Apache::PerlSections requires the Perl Devel::Symdump and
Data::Dumper modules, both available on CPAN. Here is a simple example of its use:
<Perl>
#!perl
use Apache::PerlSections();
$User = 'nobody';
$VirtualHost{'192.168.2.5:80'} = {
ServerName => 'www.fishfries.org',
DocumentRoot => '/home/httpd/fishfries/htdocs',
ErrorLog => '/home/httpd/fishfries/logs/error.log',
TransferLog => '/home/httpd/fishfries/logs/access.log',
ServerAdmin => '[email protected]',
};
print STDERR Apache::PerlSections->dump();
__END__
</Perl>
This will cause the following to appear on the command line at server
startup time:
package Apache::ReadConfig;
#scalars:
$User = 'nobody';
#arrays:
#hashes:
%VirtualHost = (
'192.168.2.5:80' => {
'ServerAdmin' => '[email protected]',
'ServerName' => 'www.fishfries.org',
'DocumentRoot' => '/home/httpd/fishfries/htdocs',
'ErrorLog' => '/home/httpd/fishfries/logs/error.log',
'TransferLog' => '/home/httpd/fishfries/logs/access.log'
}
);
1;
__END__
The output from dump() and store() can be stored to a file and reloaded with a require statement. This allows you to create your configuration in a modular
fashion:
<Perl>
require "standard_configuration.pl";
require "virtual_hosts.pl";
require "access_control.pl";
</Perl>
More information about Apache::PerlSections can be found in Appendix A.

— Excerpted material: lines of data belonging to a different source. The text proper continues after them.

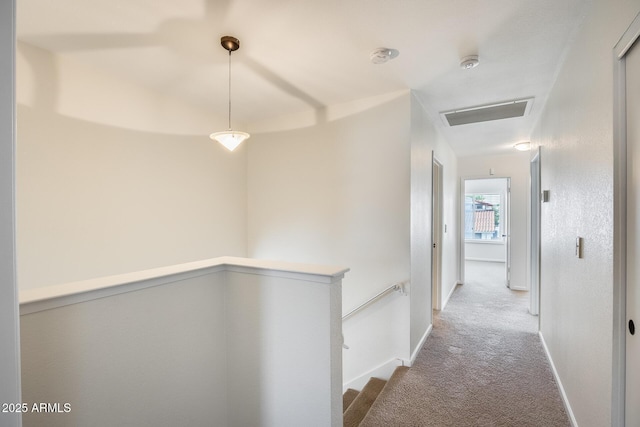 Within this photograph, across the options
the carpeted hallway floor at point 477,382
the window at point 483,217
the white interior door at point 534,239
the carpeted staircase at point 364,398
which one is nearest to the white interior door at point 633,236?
the carpeted hallway floor at point 477,382

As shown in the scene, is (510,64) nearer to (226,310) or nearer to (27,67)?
(226,310)

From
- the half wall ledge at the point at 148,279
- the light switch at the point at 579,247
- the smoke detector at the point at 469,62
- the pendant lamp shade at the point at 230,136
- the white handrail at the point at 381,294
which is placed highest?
the smoke detector at the point at 469,62

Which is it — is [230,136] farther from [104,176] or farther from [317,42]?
[104,176]

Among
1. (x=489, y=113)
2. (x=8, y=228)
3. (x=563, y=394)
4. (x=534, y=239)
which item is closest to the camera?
(x=8, y=228)

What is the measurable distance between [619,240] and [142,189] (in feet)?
11.0

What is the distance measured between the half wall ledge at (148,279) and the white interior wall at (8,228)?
628 millimetres

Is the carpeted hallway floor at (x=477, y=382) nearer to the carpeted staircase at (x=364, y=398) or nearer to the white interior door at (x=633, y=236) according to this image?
the carpeted staircase at (x=364, y=398)

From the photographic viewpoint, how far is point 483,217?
29.1 ft

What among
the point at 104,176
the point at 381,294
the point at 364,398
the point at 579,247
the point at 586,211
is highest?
the point at 104,176

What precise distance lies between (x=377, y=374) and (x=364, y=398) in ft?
1.09

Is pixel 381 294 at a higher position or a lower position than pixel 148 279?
lower

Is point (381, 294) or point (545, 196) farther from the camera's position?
point (381, 294)

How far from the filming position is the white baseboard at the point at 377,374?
2.87 meters

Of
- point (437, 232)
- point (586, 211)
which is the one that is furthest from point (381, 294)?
point (437, 232) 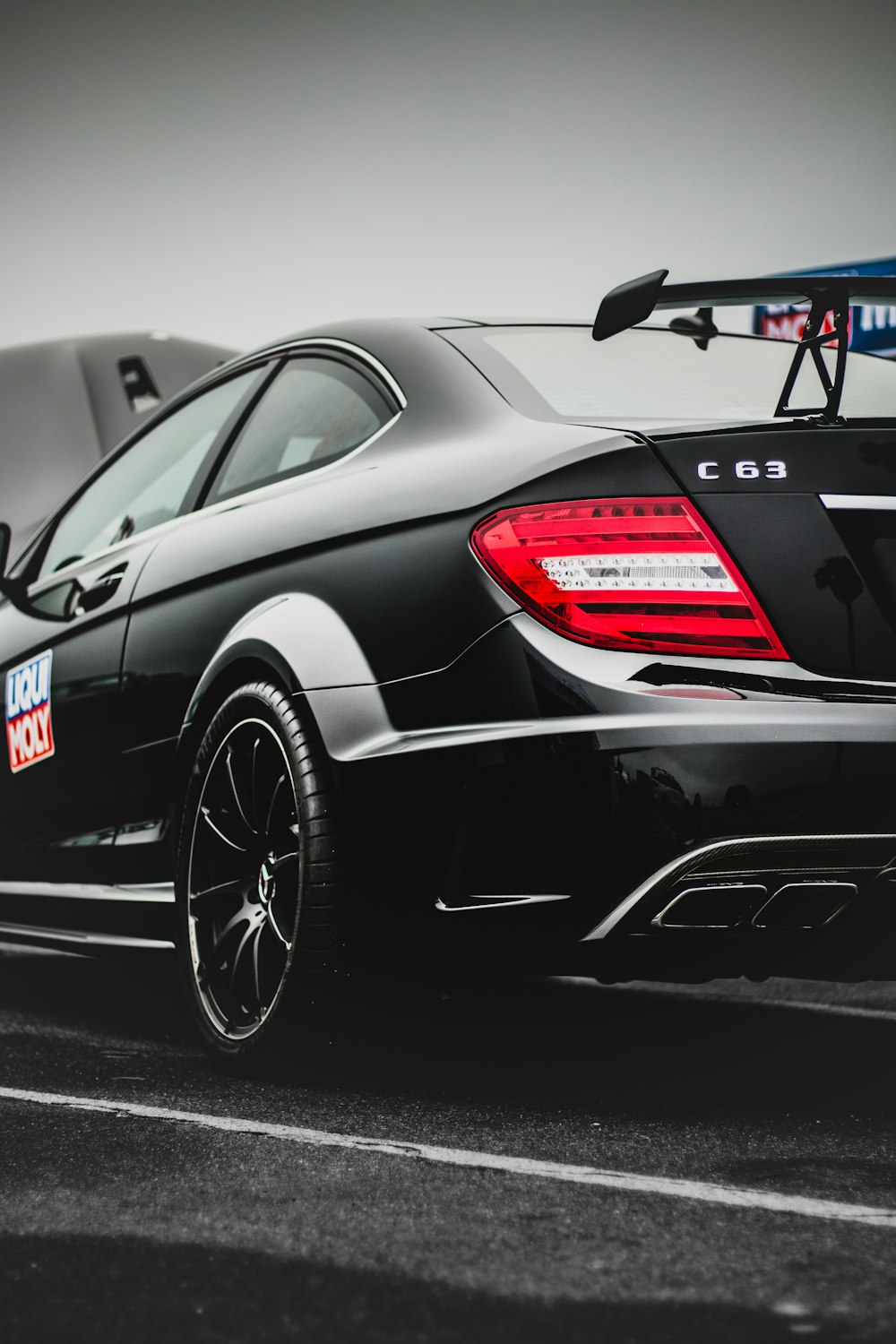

If the Perl configuration syntax seems a bit complex for your needs, there
is a simple alternative. The special variables $PerlConfig
and @PerlConfig are treated as raw Apache configuration data. Their values are fed directly
to the Apache configuration engine, and treated just as if it was static
configuration data.
Examples:
<Perl>
$PerlConfig = "User $ENV{USER}\n";
$PerlConfig .= "ServerAdmin $ENV{USER}\@$hostname\n";
</Perl>
<Perl>
for my $host (qw(one red two blue)) {
$host = "$host.fish.net";
push @PerlConfig, <<EOF;
Listen $host
<VirtualHost $host>
ServerAdmin webmaster\@$host
ServerName $host
# ... more config here ...
</VirtualHost>
EOF
}
</Perl>
One more utility method is available, Apache->httpd_conf which simply pushes each argument into the @PerlConfig array, along with tacking a newline onto the end of each. Example:
Apache->httpd_conf(
"User $ENV{USER}",
"ServerAdmin $ENV{USER}\@$hostname",
);
For a complete example of an Apache configuration constructed with
<Perl> sections, we'll look at Doug's setup. As a freelance
contractor, Doug must often configure his development server in a brand new
environment. Rather than creating a customized server configuration file
each time, Doug uses a generic configuration that can be brought up
anywhere simply by running:
% httpd -f $HOME/httpd.conf
This one step automatically creates the server and document roots if they
don't exist, as well as the log and configuration directories. It also
detects the user that it is being run as, and configures the
User and Group directives to match.
Listing 8.5 shows a slightly simplified version of Doug's
httpd.conf. It contains only two hard-coded Apache directives:
# file: httpd.conf
PerlPassEnv HOME
Port 9008
There's a PerlPassEnv directive with the value of ``HOME'', required in order to make the value
of this environment variable visible to the code contained within the <Perl> section, and there's a
Port directive set to Doug's favorite port number.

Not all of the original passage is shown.